Once the article went public and soaked into the reading public’s mind, Rolling Stones’ keyboardist Chuck Leavell took a stab at defending logging as a prudent endeavor in a June 9 WSJ piece. He wrote in part: “Although the U.S. has a large amount of forested land, that does not mean the country can afford to cut down trees in a careless, slash-and-burn fashion as in decades past — and that is certainly not what is happening today. Europe’s increasing use of woody biomass, such as wood pellets, has not resulted in the inappropriate over-harvesting of U.S. forests that some fear. The demand has created a viable use for woody material from forestry operations that typically goes to waste. Twigs and limbs — plus woody material from thinning operations in which unsalable trees are removed to allow other trees to grow stronger and healthier — that would otherwise rot are used for biomass. Using this resource for energy puts it to good use and is a wise thing to do.”

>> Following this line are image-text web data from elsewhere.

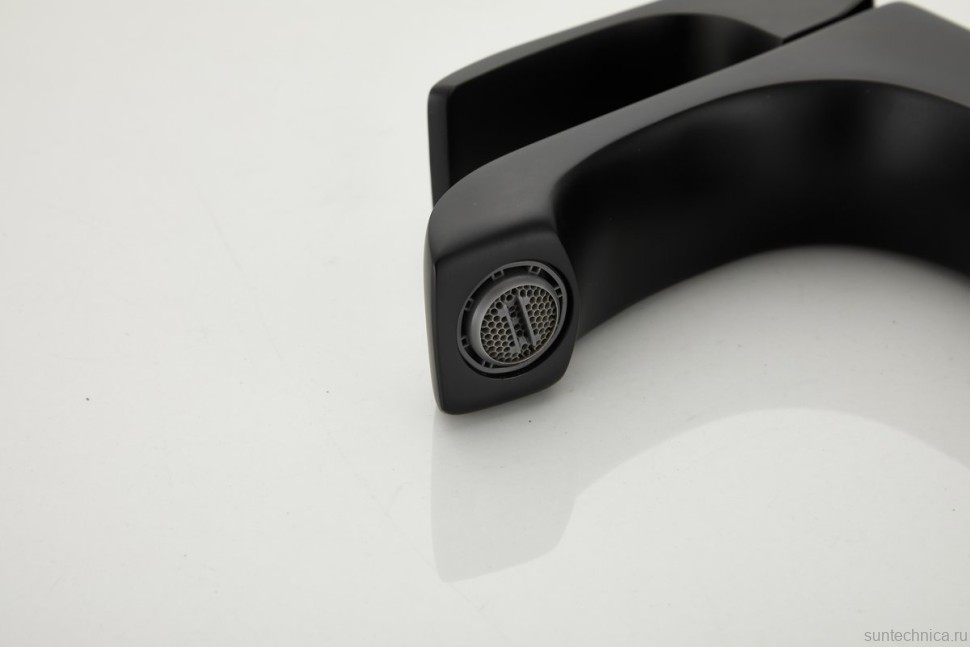 Смеситель для раковины BELZ B507 B10507-7 черный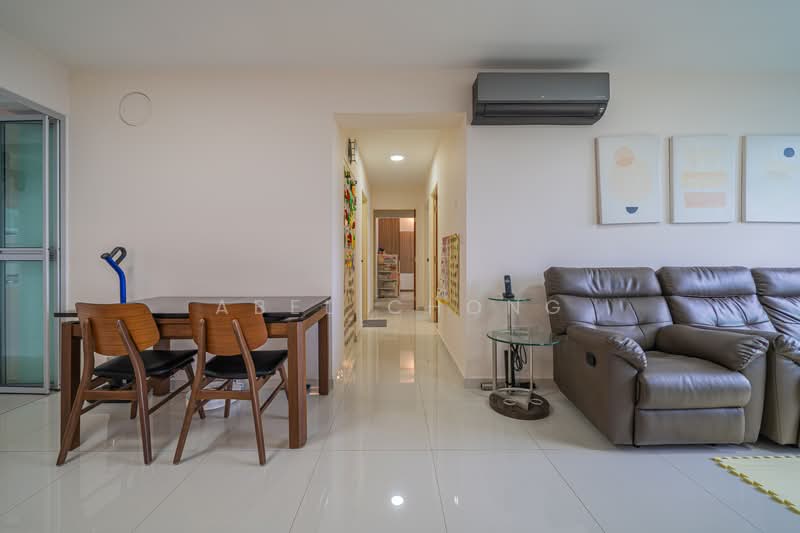 95C Henderson Road, 95C Henderson Road, 3 Bedrooms, 1,001 sqft, HDB Flat For Sale, by Abel Chong, 500157148 - Living Room - PropertyGuru.com.sg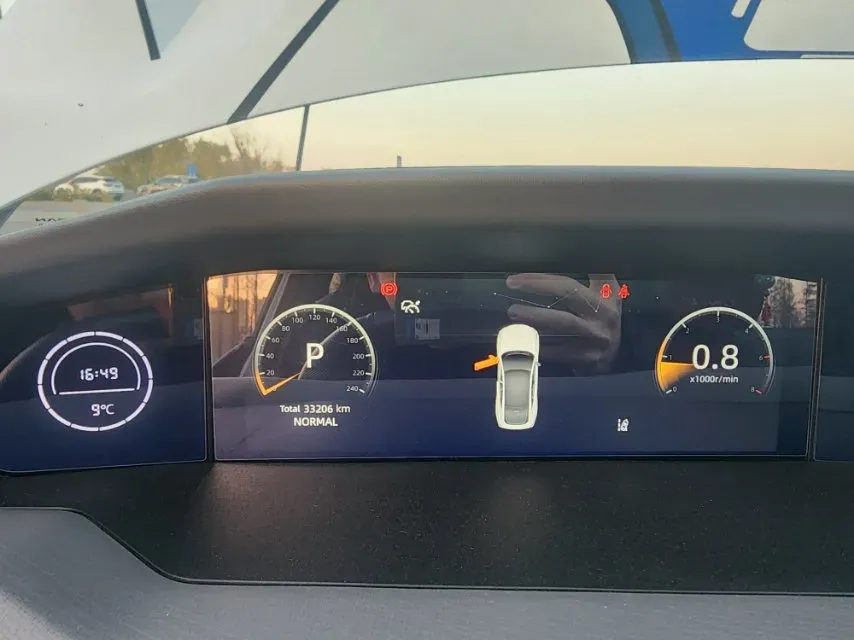 2022 ChangAn UNI-V 1.5T 188HP L4 7DCT,autocango,china used car exporter,china ev exporter,chinese used car exporter,chinese used ev exporter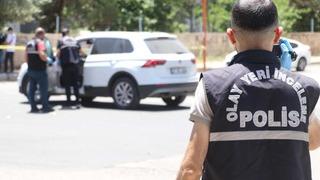 Yol ortasında vahşet! Aracın önünü kesip av tüfeğiyle katletti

Chuck should know something about forestry, being a tree farmer in Georgia. But his rebuttal was only a softball when a 90-mile-an-hour curve ball was called for instead. Yes, he said the obvious: trees grow back. And yes, he said that the forest industry as a whole tries to adhere to prudent management. But nowhere did Chuck address how things are in the West, which is an entirely different set of circumstances.

Beetles in 2013

Summer 2013 has again put western states in the news as the beetle killed forests are going up in smoke in Colorado and elsewhere. Thousands are fleeing homes, damage is at record amounts as usual, and the beetles and other forest predators are chewing away as the public stands and watches. What is the deal here?

Western forests are overcrowded and need to be thinned. Federal budgets are stretched. Why is nobody advocating logging the vastly overstocked federal forests that beg to be thinned? Firefighting budgets gobble up millions of dollars, but why can’t those monies be re-appropriated for stewardship projects? Some politicians casually talk about bringing manufacturing back, yet they remain blind, deaf, and dumb when it comes to the plight of the West’s timber manufacturing infrastructure. It appears the public often only gets negative sound bites on an industry that merits having lengthy brag sheets published on its efficiency.

Housing Opportunity

Housing starts are slowly recovering these days, and both national and international markets are awakening. Is there a problem with shipping woody biomass and pellets to Europe to satisfy their carbon credit requirements, especially if harvesting such biomass contributes to forest health?

It seems prudent that the western United States should be encouraged to keep logging contractors and sawmills busy, preserving infrastructure that would be difficult to bring back once it goes away. Yet with articles like those in the Wall Street Journal, the public is only getting part of the story.